Let’s focus on Lemma A.1 of Paper S4 that shows the number bound indicating the chart we made last time. To show (4) there, the formulation of Lemma A.2 in Appendix of Paper 3 is not quite relevant although it is ok for Lemma 4.1 on p. 12 to refer to. It’s good if it’s changed into the formulation of Lemma A.1, covering a broader range of applications such as showing (4) to resolve our initial core growth problem.

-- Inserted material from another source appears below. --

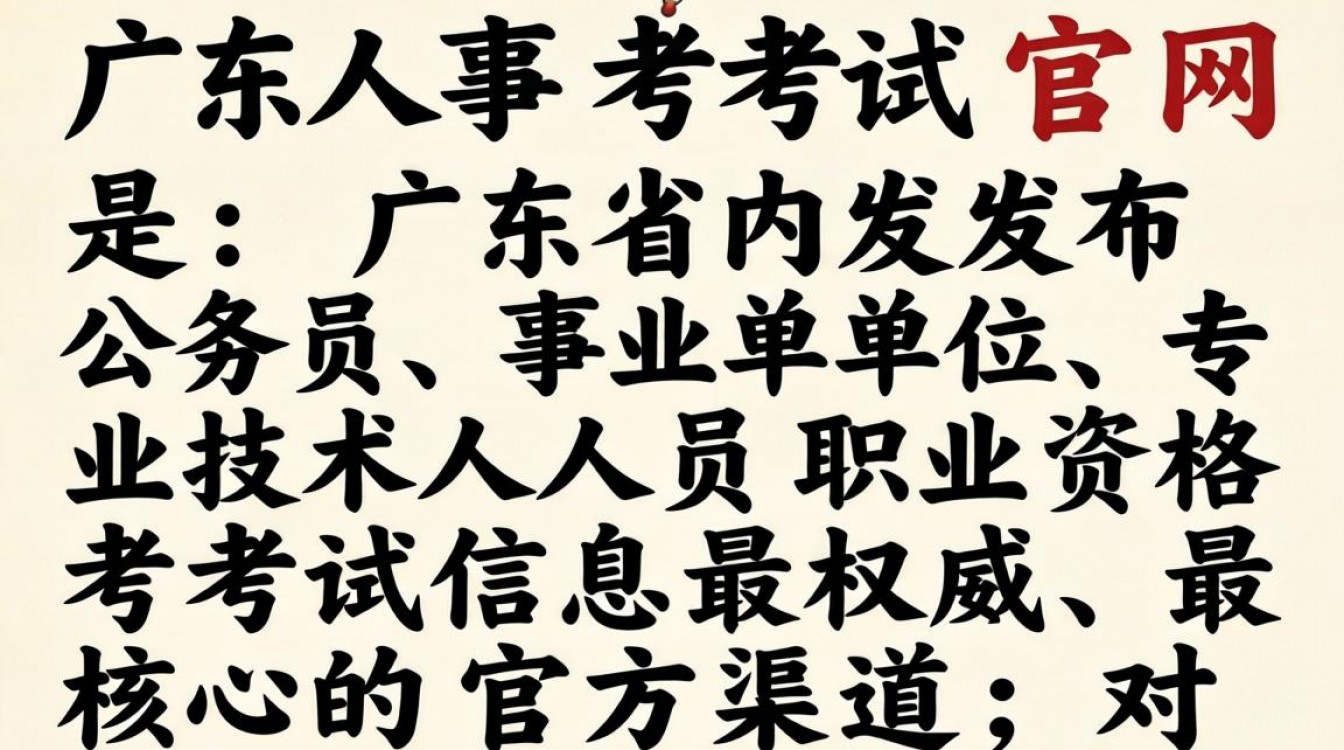广东人事考试官网入口在哪里？广东人事考试网怎么报名？-图1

Before breaking down its proof, let’s get convinced that \( {m \choose q}{n-m \choose d-q} \) regarded as a function of \( q \in [0, m] \) takes maximum around \( q \simeq \frac{md}{n} = \frac{m}{r} \) given that \( m \ll d \ll n \). This is because \[ {m \choose q+1} = \frac{m-q}{q+1} {m \choose q}, \quad \textrm{and} \quad {n-m \choose d-q-1} =\frac{d-q}{n-m+q+1}{n-m \choose d-q}, \] so \( {m \choose q+1}{n-m \choose d-q-1} = t {m \choose q} {n-m \choose d-q} \) where \[ t= \frac{(m-q)(d-q)}{(q+1)(n-m+q+1)} = \frac{md}{qn} \frac{\left[1-O(q/m) \right]\left[1-O(q/d) \right]}{\left[1 + O(1/q) \right] \left[1 – O(m/n) \right]} \simeq \frac{md}{qn}, \] Here the approximate equality is due to the extra condition \( 1 \ll q \ll m \) added to \( m \ll d \ll n \). So, if \( q > m/r + o(1) \), then \( {m \choose q}{n-m \choose d-q} \) increases when \( q\) is incremented, and decreases if \( q < m/r – o(1) \). (Asymptotic notations here work just as well as 8/11/23. )

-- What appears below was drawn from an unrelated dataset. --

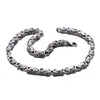 5mm6mm8mm de ancho plata acero inoxidable rey cadena bizantina collar pulsera joyería para hombre hecha a mano 1283589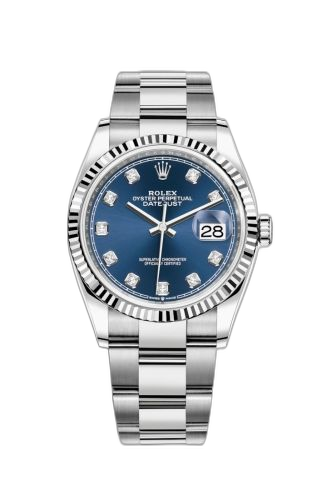 [126234-0038] Datejust 36 Stainless Steel / Fluted / Blue-Diamond / Oyster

If \( q = O(1) \), the value of \(t \) is \( \frac{m}{O(r)} \) so it has the same asymptotic behavior upon the incrementation. If \( q \ge \epsilon m \), then \( {m \choose q} \) increases by less than \( \epsilon^{-1} \), and \( {n-m \choose d-q} \) reduces by an approximate factor \( r^{-1} \) not affecting the asymptotic decrease rate. Therefore, we conclude that \( {m \choose q}{n-m \choose d-q} \) takes maximum at either \( \lfloor m/r \rfloor \) or \( \lceil m/r \rceil \) when \( m \ll d \ll n \): if \(q \le \lfloor m/r \rfloor -1 \) the function still increases, and if \(q \ge \lceil m/r \rceil +1 \), it decreases. There’s a subtlety at \( q= \lceil m/r \rceil \), but you can check that \( q= \lceil m/r \rceil~ \Rightarrow~ t<1 \) by a bit more involved argument, so you know it can’t take maximum at \( q \ge \lceil m/r \rceil +1 \).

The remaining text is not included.